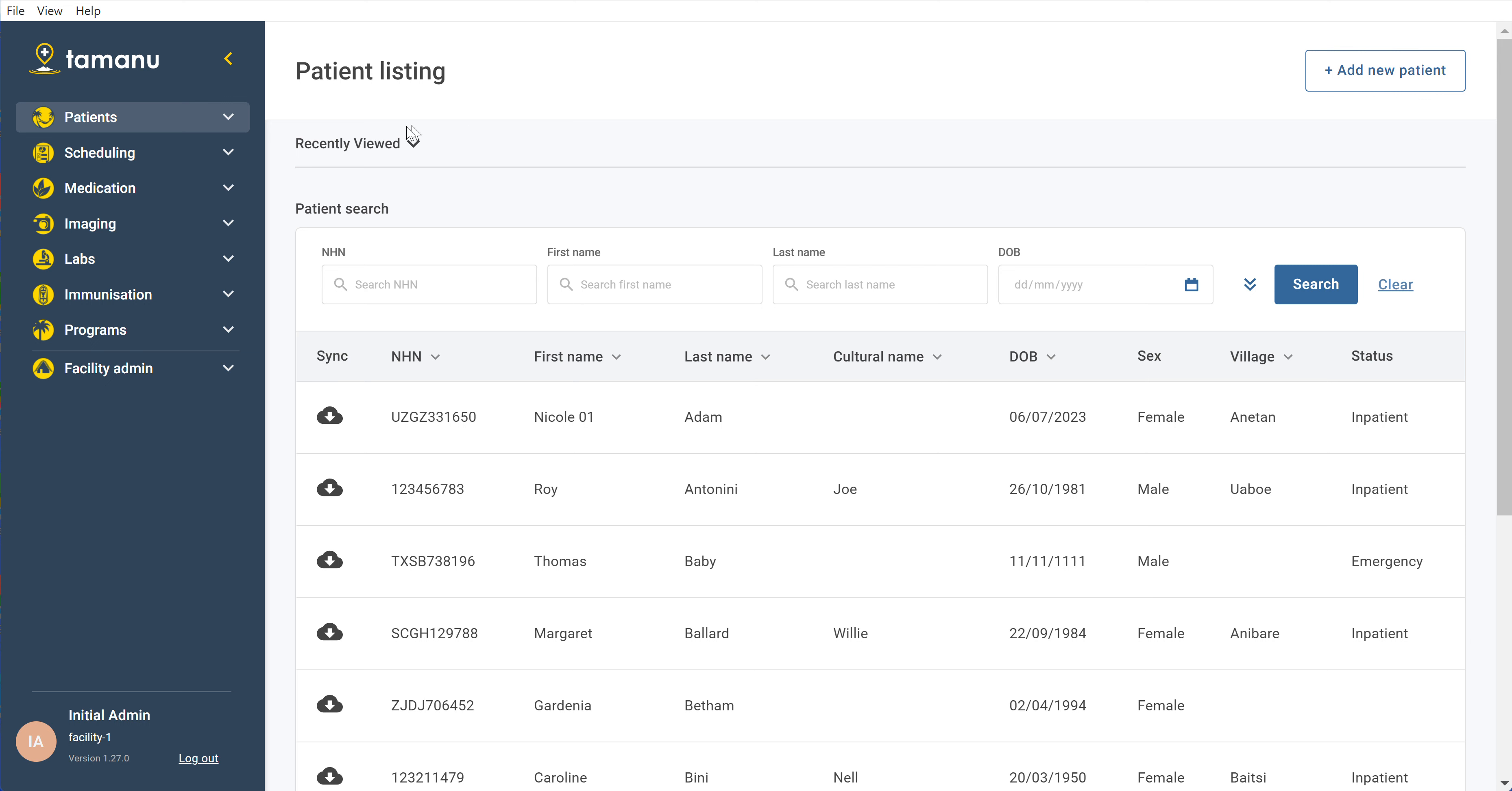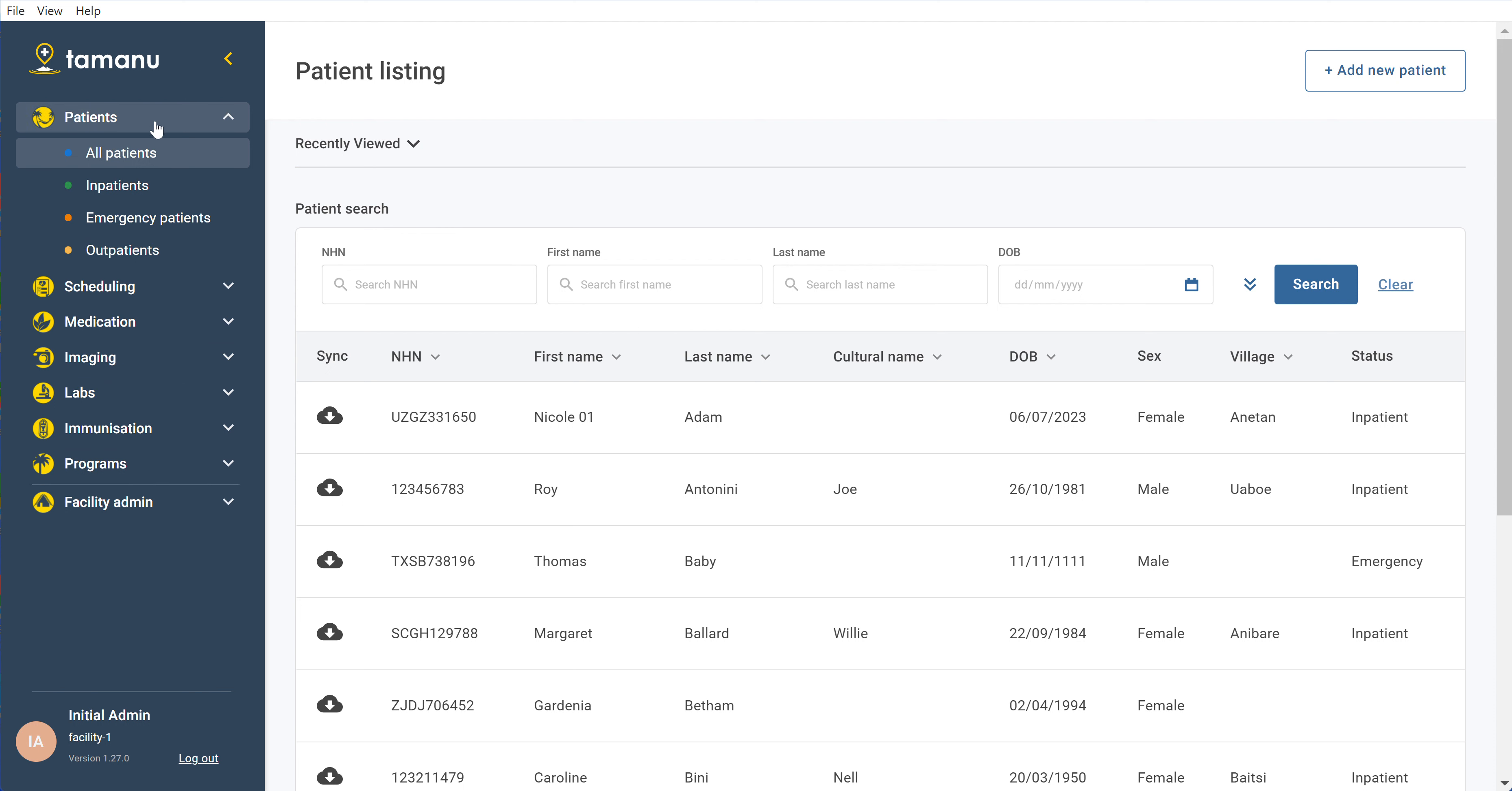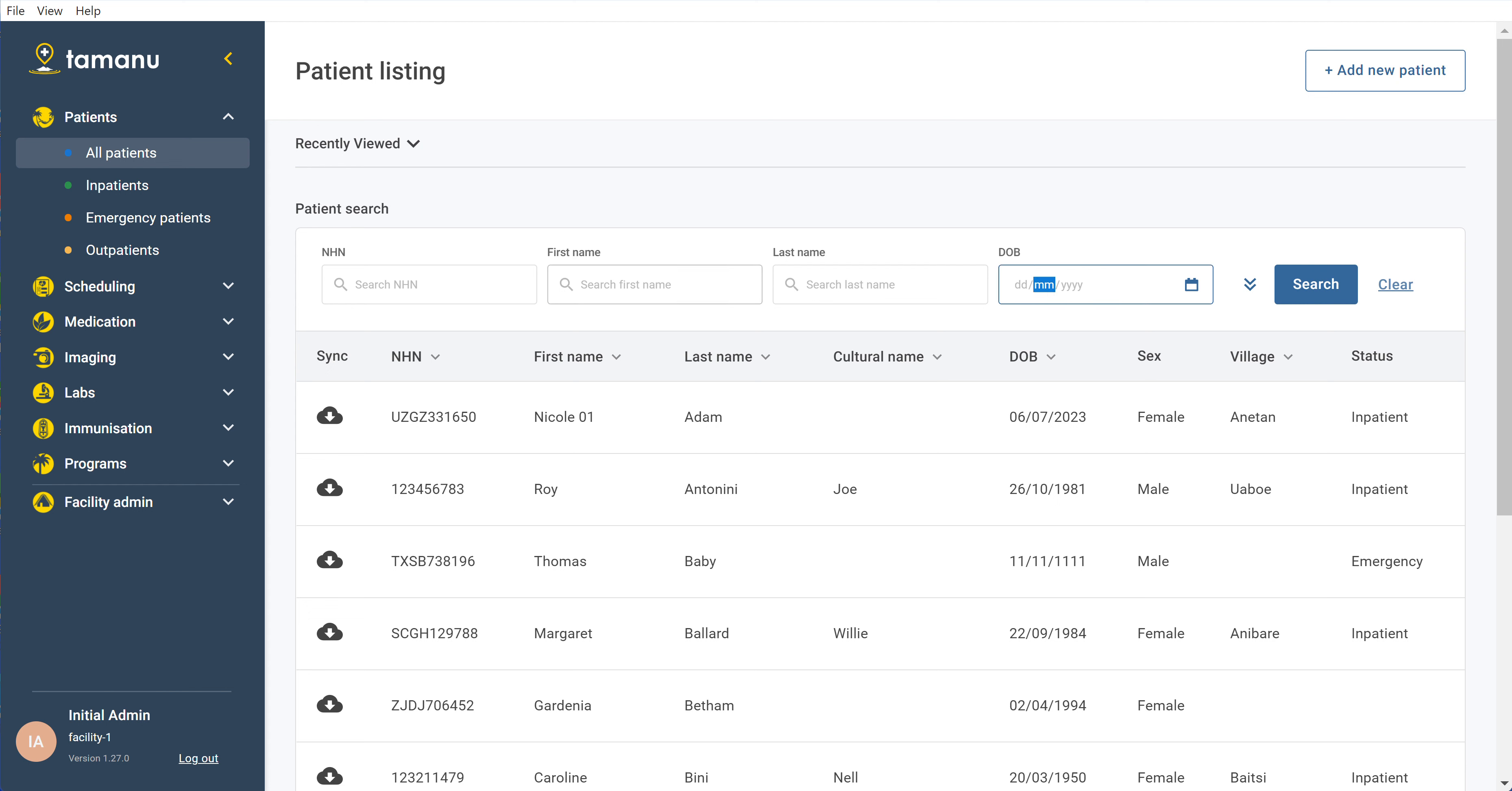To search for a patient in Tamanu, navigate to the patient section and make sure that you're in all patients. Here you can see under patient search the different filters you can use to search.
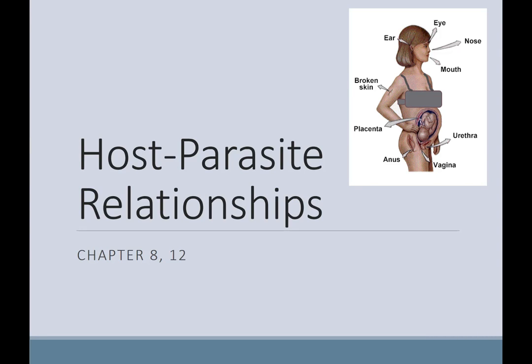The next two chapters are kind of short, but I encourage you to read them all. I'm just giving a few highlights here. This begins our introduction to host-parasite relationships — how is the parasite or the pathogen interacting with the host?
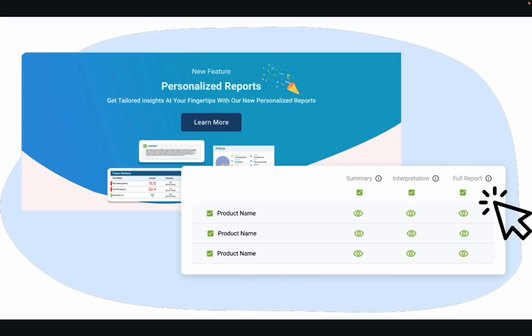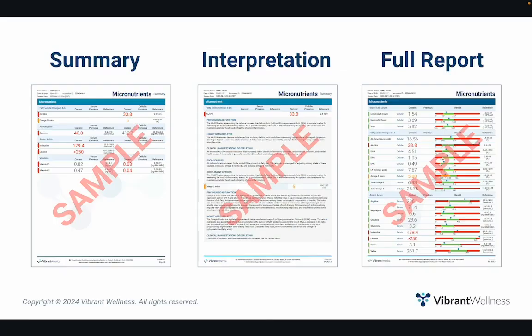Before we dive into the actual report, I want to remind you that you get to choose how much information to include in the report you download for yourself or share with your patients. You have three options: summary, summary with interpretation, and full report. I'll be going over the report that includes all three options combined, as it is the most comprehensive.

ACTIVITY: Extract the full listing above verbatim; pictures are to be left out of the copy.

COMPLETED TASK:
To search for a patient in Tamanu, navigate to the patient section and make sure that you're in all patients. Here you can see under patient search the different filters you can use to search.
The next two chapters are kind of short, but I encourage you to read them all. I'm just giving a few highlights here. This begins our introduction to host-parasite relationships — how is the parasite or the pathogen interacting with the host?
Before we dive into the actual report, I want to remind you that you get to choose how much information to include in the report you download for yourself or share with your patients. You have three options: summary, summary with interpretation, and full report. I'll be going over the report that includes all three options combined, as it is the most comprehensive.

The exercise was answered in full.